### DATA SUPPLIED
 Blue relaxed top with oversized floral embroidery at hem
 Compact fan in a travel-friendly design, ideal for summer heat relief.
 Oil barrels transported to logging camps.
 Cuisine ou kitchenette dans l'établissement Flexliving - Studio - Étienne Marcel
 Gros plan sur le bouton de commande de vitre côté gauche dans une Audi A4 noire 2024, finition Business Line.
--
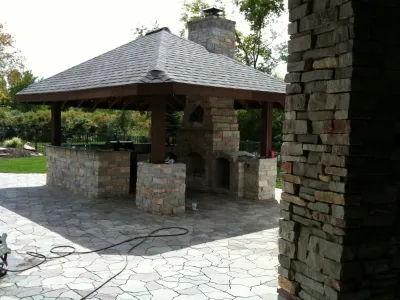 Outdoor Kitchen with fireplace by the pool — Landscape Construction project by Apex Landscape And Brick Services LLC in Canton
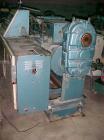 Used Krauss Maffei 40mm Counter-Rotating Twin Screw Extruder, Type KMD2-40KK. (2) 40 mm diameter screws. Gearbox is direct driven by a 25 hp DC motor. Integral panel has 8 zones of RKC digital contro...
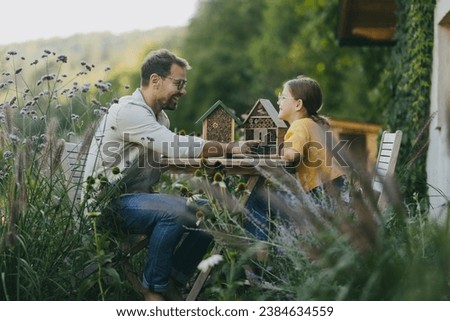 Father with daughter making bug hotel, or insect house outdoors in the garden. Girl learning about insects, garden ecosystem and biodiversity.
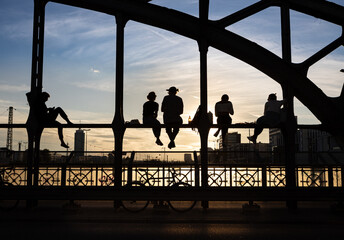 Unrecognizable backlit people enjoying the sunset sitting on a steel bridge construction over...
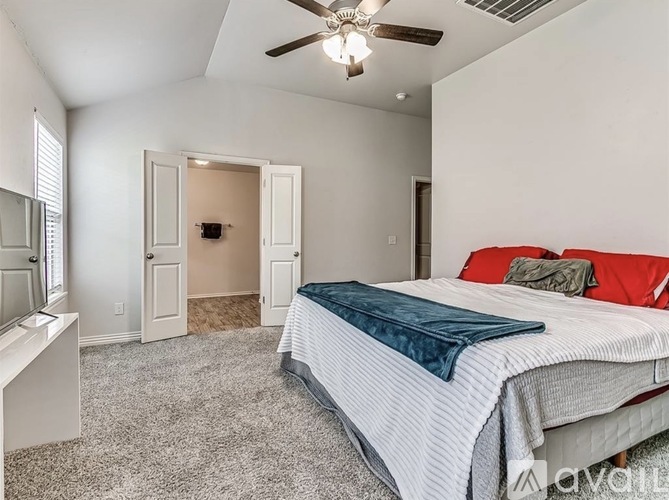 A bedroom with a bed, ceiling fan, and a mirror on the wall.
...
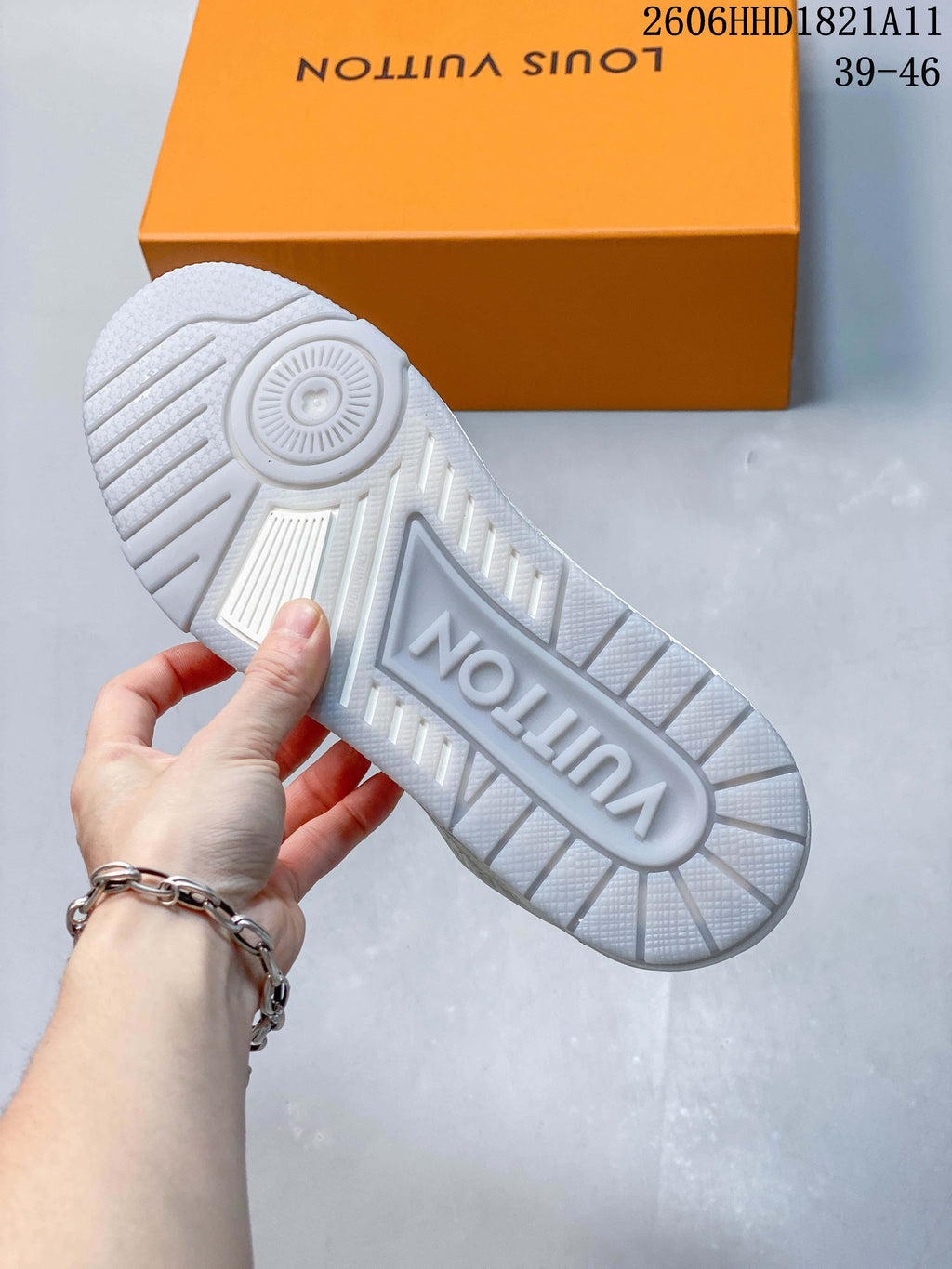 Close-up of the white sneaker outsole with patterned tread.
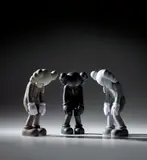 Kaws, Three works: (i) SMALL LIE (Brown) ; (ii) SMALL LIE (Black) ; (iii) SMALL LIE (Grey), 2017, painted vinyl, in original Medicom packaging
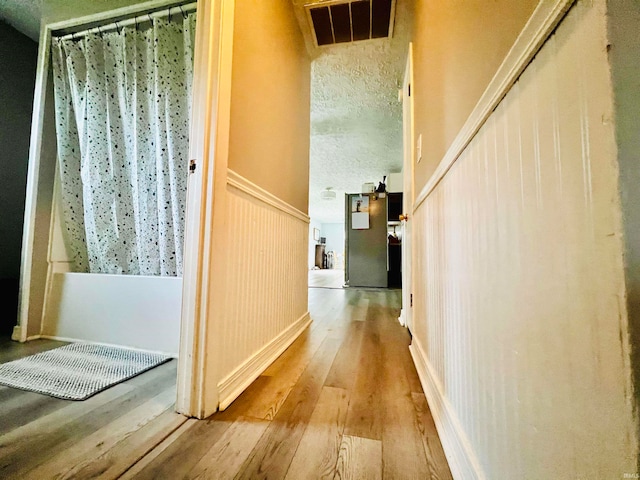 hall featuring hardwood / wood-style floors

### YOUR TASK
Write out, from the lines above, only those from the line with "Oil barrels transported to logging camps." to the line with "Gros plan sur", exactly as given, including the first and the last.

### WRITTEN ANSWER
 Oil barrels transported to logging camps.
 Cuisine ou kitchenette dans l'établissement Flexliving - Studio - Étienne Marcel
 Gros plan sur le bouton de commande de vitre côté gauche dans une Audi A4 noire 2024, finition Business Line.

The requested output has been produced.